Tuesday, July 22, 2008

India to jump start to shed its nuclear `pariah’ status

Curtains are going to fall tonight in India on the two-year old controversy whether to go through the various stages to operationalize the Indo-US nuclear accord. The number game in the Indian parliament, which has been taking surprising twists in the past few days, seems to be finally giving an edge to the ruling coalition led by the Congress Party.

While the confidence motion in the Indian parliament was precipitated by the government’s insistence to go ahead with the IAEA and NSG approvals, most of the parties have different designs and equations. The decision of the leftists to withdraw support to the government was not on account of the `devil in the details’ of the agreement, but on the larger issue of a strategic alliance with the United States, which was their primary principled objection. If the government wins the confidence vote, the Communist Party of India (Marxist)is likely to see a great shake up.

BJP, the right wing party, and the so called Third Front parties have formed opportunistic alliances as the next parliamentary elections are round the corner. None of these non-leftist parties have any ideological objections against the nuclear deal or the strategic relationship with the US.

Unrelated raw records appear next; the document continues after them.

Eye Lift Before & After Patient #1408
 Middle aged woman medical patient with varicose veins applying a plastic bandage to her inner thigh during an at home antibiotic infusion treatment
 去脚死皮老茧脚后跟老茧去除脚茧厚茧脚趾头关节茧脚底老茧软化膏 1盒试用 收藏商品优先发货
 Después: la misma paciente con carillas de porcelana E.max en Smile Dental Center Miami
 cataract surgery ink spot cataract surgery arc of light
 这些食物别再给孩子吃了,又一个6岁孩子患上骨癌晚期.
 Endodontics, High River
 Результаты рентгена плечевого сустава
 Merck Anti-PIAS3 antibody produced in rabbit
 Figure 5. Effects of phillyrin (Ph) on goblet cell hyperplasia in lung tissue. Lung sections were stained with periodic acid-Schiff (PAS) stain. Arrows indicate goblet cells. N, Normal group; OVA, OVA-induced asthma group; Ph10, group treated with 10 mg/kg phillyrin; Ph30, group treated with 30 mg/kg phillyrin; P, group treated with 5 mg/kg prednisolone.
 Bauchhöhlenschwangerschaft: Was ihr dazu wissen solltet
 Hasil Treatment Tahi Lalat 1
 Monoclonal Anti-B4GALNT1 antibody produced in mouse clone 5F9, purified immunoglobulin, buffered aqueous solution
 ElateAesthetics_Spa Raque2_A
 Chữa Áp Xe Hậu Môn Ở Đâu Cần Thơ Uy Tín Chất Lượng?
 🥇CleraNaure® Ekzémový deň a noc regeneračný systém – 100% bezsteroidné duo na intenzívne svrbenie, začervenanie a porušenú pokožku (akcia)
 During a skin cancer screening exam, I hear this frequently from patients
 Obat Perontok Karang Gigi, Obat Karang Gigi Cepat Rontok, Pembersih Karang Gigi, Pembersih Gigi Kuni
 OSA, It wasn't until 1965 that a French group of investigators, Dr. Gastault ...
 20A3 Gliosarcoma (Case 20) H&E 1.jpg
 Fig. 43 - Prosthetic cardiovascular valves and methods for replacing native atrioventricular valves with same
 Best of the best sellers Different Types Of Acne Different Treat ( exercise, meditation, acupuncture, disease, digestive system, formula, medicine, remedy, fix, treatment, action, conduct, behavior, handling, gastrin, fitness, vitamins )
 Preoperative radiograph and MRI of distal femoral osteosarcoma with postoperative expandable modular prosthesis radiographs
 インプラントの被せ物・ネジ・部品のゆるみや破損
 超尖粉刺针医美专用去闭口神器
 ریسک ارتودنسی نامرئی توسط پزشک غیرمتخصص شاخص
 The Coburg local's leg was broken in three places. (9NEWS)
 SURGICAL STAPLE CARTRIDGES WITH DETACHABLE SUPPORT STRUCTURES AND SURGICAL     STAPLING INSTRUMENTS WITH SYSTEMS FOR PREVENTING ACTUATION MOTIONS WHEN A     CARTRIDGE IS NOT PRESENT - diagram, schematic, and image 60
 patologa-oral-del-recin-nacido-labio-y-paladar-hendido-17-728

Now the government seems to be set to win the confidence vote to go ahead with the stages of IAEA and NSG approvals. Indian Foreign Secretary briefed a combined session of IAEA and NSG members in Vienna last week, with US officials were at hand to ensure that the IAEA safeguards agreement sails through the Board of Governors.

But the process does not seem to be a safe sail for India. Several countries, including Australia, Japan, South Africa, Sweden, Norway etc., are still apprehensive of giving a special status to India. Pakistan, India’s archrival, is trying to block a consensus by insisting on voting on India-specific safeguards agreement in the IAEA. Even if the agreement goes through the Board of Governors, NSG is another major hurdle for India. The US is expected to go the extra mile to pressure the unwilling members to vote for it, but the next stage of getting the Congressional approval is really a near impossible task in view of the Presidential elections and schedule of the Congress. The Bush administration may try to facilitate it if all the initial stages are completed on time.

This is a significant development as the US has finally discarded its South Asia policy of maintaining strategic balance between India and Pakistan. India’s growing global status in economic and technological spheres seem to have won the day.